09 Oct 2020

Electronic Signatures, Credit Agreements and the National Credit Act

by David Warmback MBE, Partner, Durban, Suhail Ebrahim, Senior Associate, Durban,
Practice Area(s): Corporate & Commercial |

The use of electronic signatures has never been more relevant at this stage in our technological development. The general legal position is that when legislation prescribes the signing of a document, that condition is only met if the document is physically signed, in the traditional sense, or an advanced electronic signature is used. In relation to all other documents, where the signature thereof is not prescribed by legislation, Section 13(2) of the Electronic Communications and Transactions Act 25 of 2002 (ECTA) provides that an electronic signature is not without legal force and effect merely on the grounds that it is in electronic form. ECTA provides for a detailed application and interpretation of an electronic signature and advanced electronic signature. The validity of the use of electronic and advanced electronic signatures in credit agreements governed by the National Credit Act 34 of 2005 (NCA) must be analysed with reference to relevant legislative provisions and precedent.

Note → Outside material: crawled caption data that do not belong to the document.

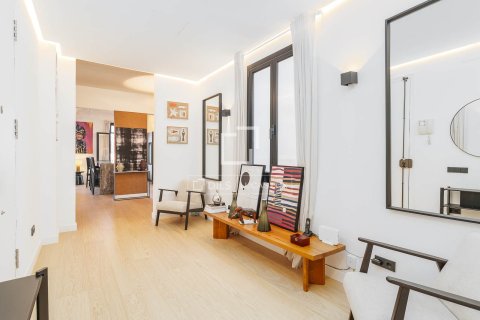Dzīvoklis pārdošanā Barcelona, Spānijā 4 istabas, 134 m2 Nr. 150339 - attēls 21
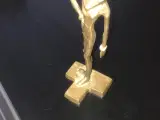 Dame Statue bronze 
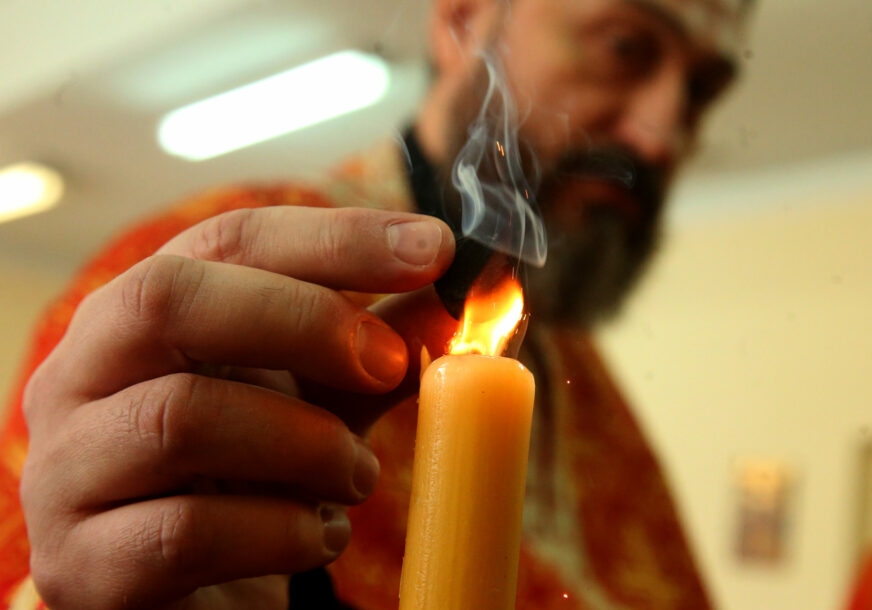 VJERNICI OBILJEŽAVAJU MIHOLJSKE ZADUŠNICE Pravoslavci proslavljaju praznik posvećen upokojenima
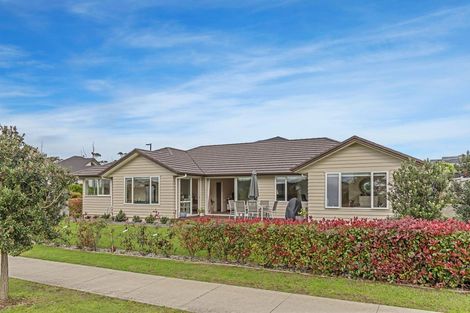 Photo of property in 2 Harris Drive, Silverdale, 0932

With regards to electronic signatures and advanced electronic signatures, Section 2(3) of the NCA provides as follows:

If a provision of this Act requires a document to be signed or initialed by a party to a credit agreement, that signing or initialing may be effected by use of –

(a) an advanced electronic signature, as defined in the Electronic Communications Act, 2002 (Act No. 25 of 2002); or
(b) an electronic signature as defined in the Electronic Communications Act, 2002 (Act No. 25 of 2002), provided that —
(i) the electronic signature is applied by each party in the physical presence of the other party or an agent of the party; and
(ii) the credit provider must take reasonable measures to prevent the use of the Consumer’s electronic signature for any purpose other than the signing or initialing of the particular document that the consumer intended to sign or initial.

It is apparent from Section 2(3) of the NCA that when the NCA requires a document to be signed or initialed by a party to a credit agreement, that requirement is only fulfilled if an advanced electronic signature is used, or an electronic signature, provided that the electronic signature is applied in the physical presence of the other party. Of note is that this provision does not provide for the required form of signature nor does is specify that an electronic signature is required to be applied in the manner stated in Section 2(3), for the validity of a credit agreement governed by the NCA.

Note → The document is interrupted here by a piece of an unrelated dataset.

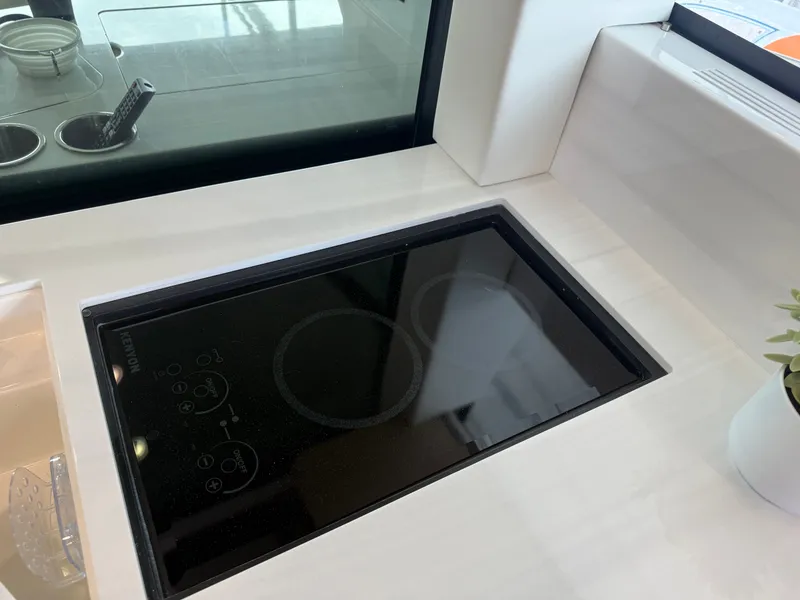 Slide: The Image of Regal 38 GRAND COUPE 2024 - 20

To support this interpretation, the High Court case of First Rand Bank t/a Wesbank v Molamugae (24558/2016) [2018] ZAGPPHC 762 (26 February 2018) (Wesbank case) sheds some light on this relevant, yet underdeveloped, area of our law. In the Wesbank case, Wesbank, the plaintiff, instituted action against the defendant, one Andrew Molamugae, for the cancellation of an instalment sale agreement known as an “I-contract” and the repossession of a vehicle which the defendant purchased under the I-contract. The action was instituted as a result of the defendant’s failure to fulfil his monthly repayment obligations under the I-contract.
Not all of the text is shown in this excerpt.